What needs to be done:
Of all the entries below, retype only the lines from the one with "koyu gri ve" through the one with "Spacious 5BR Modern", exactly as they appear.
━━━━━ Given entries
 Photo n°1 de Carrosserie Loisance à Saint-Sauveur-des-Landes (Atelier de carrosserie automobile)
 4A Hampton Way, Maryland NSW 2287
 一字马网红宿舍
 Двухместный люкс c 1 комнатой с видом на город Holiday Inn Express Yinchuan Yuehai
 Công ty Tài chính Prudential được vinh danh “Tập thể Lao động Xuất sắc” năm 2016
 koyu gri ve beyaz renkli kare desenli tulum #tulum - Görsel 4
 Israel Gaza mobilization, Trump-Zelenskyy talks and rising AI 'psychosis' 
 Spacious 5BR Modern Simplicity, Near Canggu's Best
━━━━━━━━━━
━━━━━ Given entries
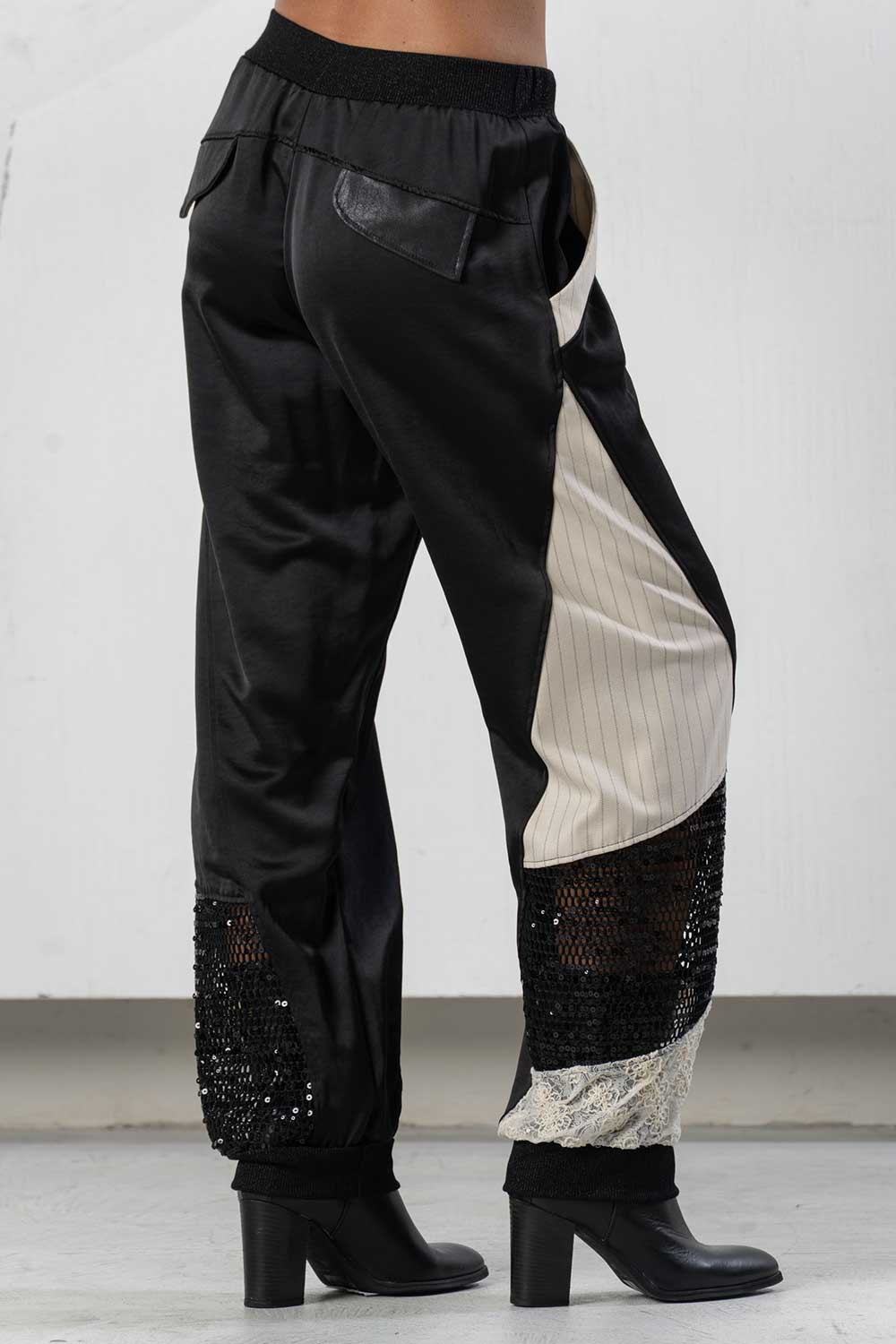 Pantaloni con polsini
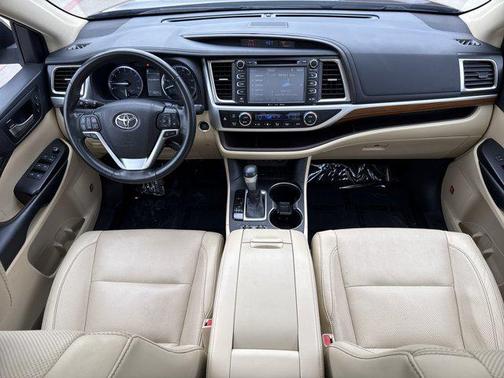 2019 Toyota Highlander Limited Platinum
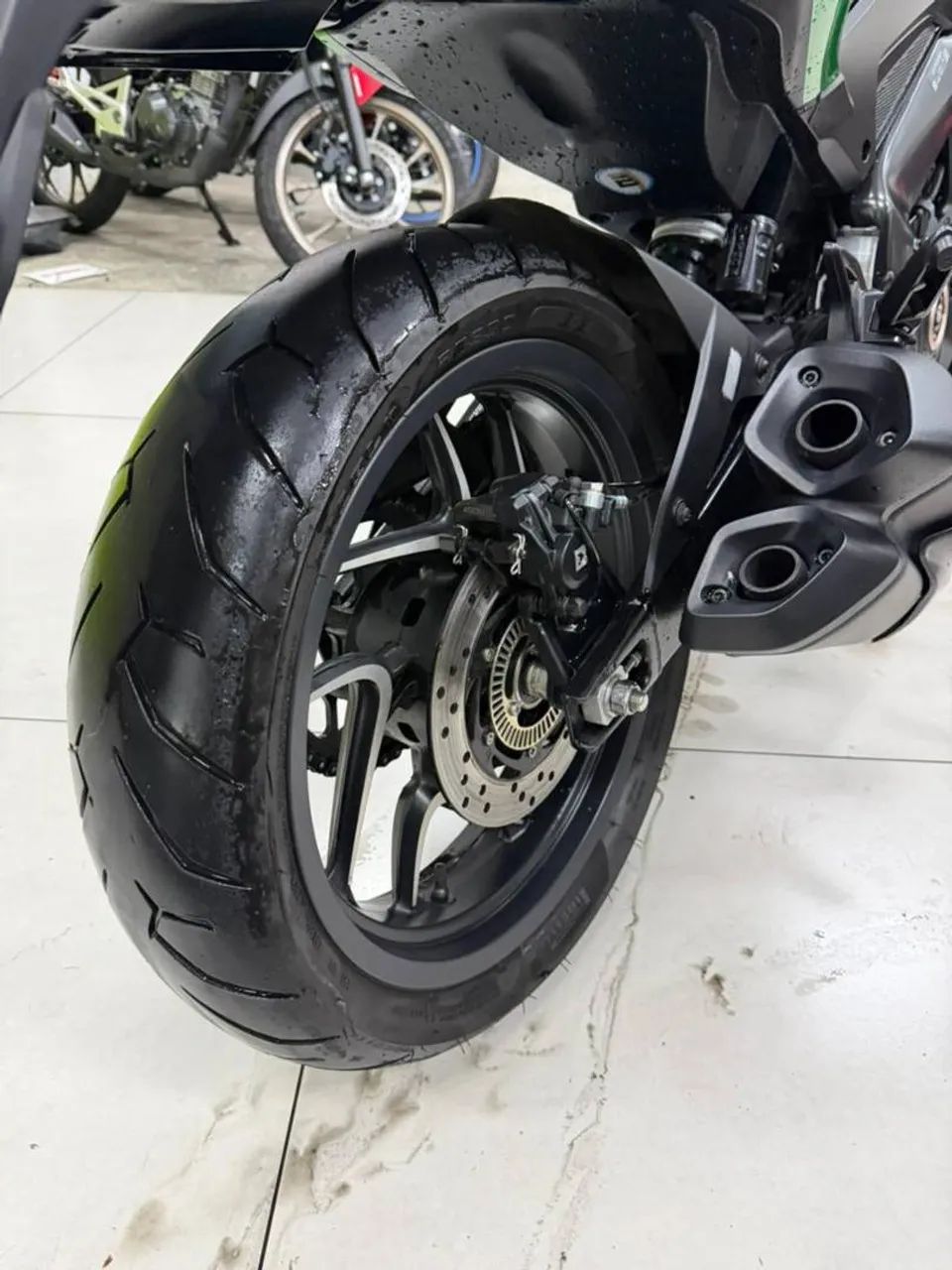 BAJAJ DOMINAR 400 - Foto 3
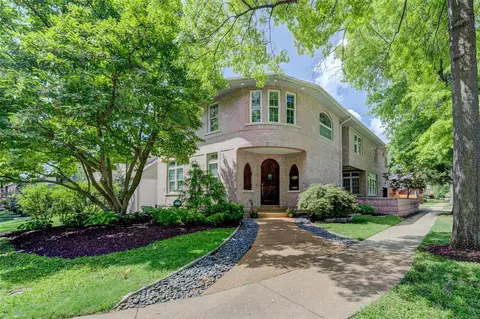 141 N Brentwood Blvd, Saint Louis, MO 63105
━━━━━━━━━━
━━━━━ Given entries
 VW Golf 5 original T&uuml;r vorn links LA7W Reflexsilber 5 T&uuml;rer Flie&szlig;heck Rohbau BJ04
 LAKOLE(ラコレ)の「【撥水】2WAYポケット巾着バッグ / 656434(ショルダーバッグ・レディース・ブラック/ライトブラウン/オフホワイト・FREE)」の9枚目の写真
━━━━━━━━━━
Output below:
 koyu gri ve beyaz renkli kare desenli tulum #tulum - Görsel 4
 Israel Gaza mobilization, Trump-Zelenskyy talks and rising AI 'psychosis' 
 Spacious 5BR Modern Simplicity, Near Canggu's Best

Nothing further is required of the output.